La Nation de l'Islam fut une des rares organisations noires à pouvoir se maintenir pendant cette période - c'est peut-être le côté religieux de l'organisation qui lui permit d'échapper ainsi aux effets de la situation politique. Mais il semble aussi que Louis Farrakhan joua un rôle non négligeable dans le maintien de l'existence militante de la Nation. Farrakhan avait été un proche de Malcom X, qui l'avait recruté à Boston en 1956, malgré leurs milieux d'origine complètement différents (Malcom X avait un passé de délinquant et de repris de justice, alors que Farrakhan avait fait des études universitaires et était violoniste et chanteur professionnel). Les années passées aux côtés de Malcom X lui avaient fait une réputation de radical. Mais lors de l'exclusion de Malcom X, Farrakhan choisit de rompre avec lui. Il fut ensuite nommé à son poste, devenant, en 1968, le porte-parole officiel d'Elijah Muhammad. Il était seul autorisé à parler à la radio au nom de l'organisation et parcourut le pays pour animer la Nation, consolidant les Fruits de l'Islam dont il devint le chef.
Farrakhan apparaissait alors comme le successeur d'Elijah Muhammad. Mais quand Elijah Muhammad mourut, en 1975, on apprit que son fils, Wallace D. Muhammad avait déjà été désigné pour lui succéder.
Presqu'aussitôt, Wallace D. Muhammad annonça des changements à l'intérieur de la Nation de l'Islam. L'un de ses premiers gestes fut de dissoudre les Fruits de l'Islam (qui étaient, notons-le, la base sur laquelle Farrakhan s'appuyait) ; pour la première fois, il approuva l'entrée de Noirs dans l'armée américaine ; et il demanda à ses fidèles de faire flotter et de saluer le drapeau américain. En 1976, il fut l'une des personnalités invitées pour les cérémonies d'investiture de Jimmy Carter.
Sur le plan organisationnel, Wallace D. Muhammad transforma la Nation de l'Islam, d'organisation possédant un encadrement politique en une organisation religieuse plus traditionnelle. Dans la foulée, et pour se mettre en conformité avec l'Islam traditionnel, il ouvrit les portes de l'organisation aux Blancs - mais bien peu ont jamais adhéré. La Nation changea de nom et devint d'abord la Communauté mondiale d'Al-Islam, puis la Mission musulmane américaine. En 1985, Wallace D. Muhammad finit par dissoudre l'organisation dans une fédération assez informelle de mosquées musulmanes sunnites indépendantes.
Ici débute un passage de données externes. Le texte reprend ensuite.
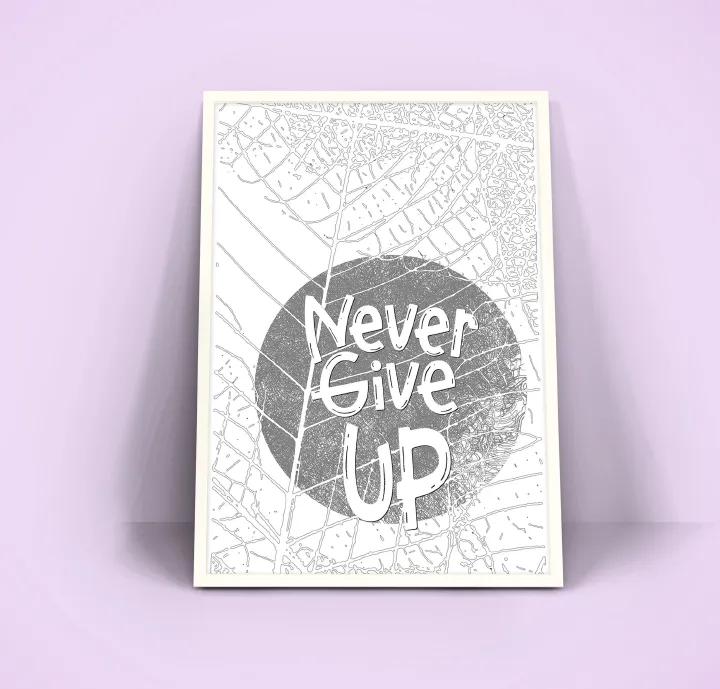 Framed Wal Posters- Never Give up- God has a Plan, Be Kind, Nothing is Impossible, Stay Humble, Girl noss, No Limits- ready to Hang FramedA A4 Size- white Wooden frame for Living room, Desk Table top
Farrakhan se réclame de la tradition nationaliste
Entre 1975 et 1978, Farrakhan resta membre de la Nation de l'Islam. Formellement au moins, il acceptait les changements même si, dans les coulisses, il y eut sans doute des bagarres pour le contrôle de l'organisation. Wallace D. Muhammad lui retira la responsabilité de l'importante mosquée de Harlem et lui demanda de revenir à Chicago. Farrakhan quitta la scène publique, volontairement ou pas. Puis, après trois années de silence, il prit position ouvertement contre les changements introduits par Wallace D. Muhammad et se mit à réclamer un retour aux enseignements et au programme du père fondateur. Avec le retour à la doctrine religieuse d'Elijah Muhammad, il demanda le retour aux revendications séparatistes noires des débuts. A cette époque, quand il prenait la parole, Farrakhan insistait particulièrement sur la nécessité pour les Noirs d'avoir leur propre territoire et soulignait la différence qu'il y avait entre la position nationaliste et l'assimilationnisme prédominant à travers le pays ainsi que dans l'organisation du fils Muhammad.
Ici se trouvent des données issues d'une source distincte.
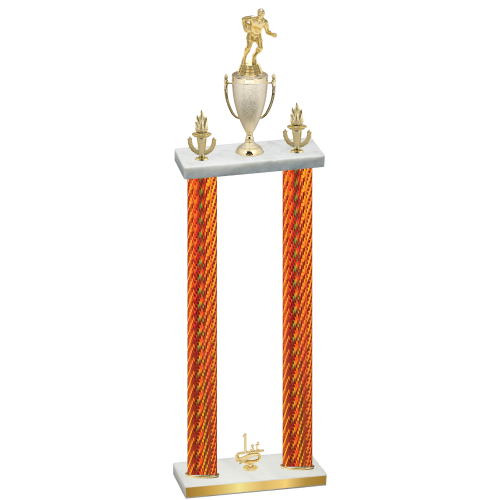 Double Orange Carbon Fiber First Place Rugby Trophy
En 1979, Farrakhan scissionna et créa une organisation rivale. La majorité resta avec Wallace D. Muhammad, qui gardait aussi le contrôle des biens de l'organisation. Mais Farrakhan attira à lui la fraction des militants désireux de revenir aux traditions nationalistes de la Nation de l'Islam, à ses fondements tant politiques que religieux. Il remit sur pied les Fruits de l'Islam, revint à l'idée d'une organisation composée de cadres, exigeant la discipline et les activités d'autrefois, et il reprit mot pour mot le vieux programme nationaliste d'Elijah Muhammad.
En 1984, Farrakhan et la Nation de l'Islam reconstruite commencèrent à attirer l'attention à cause du soutien apporté par Farrakhan à la candidature de Jesse Jackson à l'investiture du Parti démocrate pour les élections présidentielles. C'est Jackson qui était, bien sûr, au centre de la polémique, le soutien de Farrakhan n'étant qu'un prétexte, une arme utilisée par ceux qui, à l'intérieur comme à l'extérieur du Parti démocrate, étaient alors opposés à la candidature de Jackson. Ce dernier fut accusé d'avoir accepté le soutien des Musulmans Noirs, présentés comme les partisans de la haine raciale, comme anti-Blancs et anti-Juifs. Jackson finit par céder à la pression et montra au pouvoir politique du pays qu'il était prêt à se montrer "responsable", en coupant les ponts avec Farrakhan.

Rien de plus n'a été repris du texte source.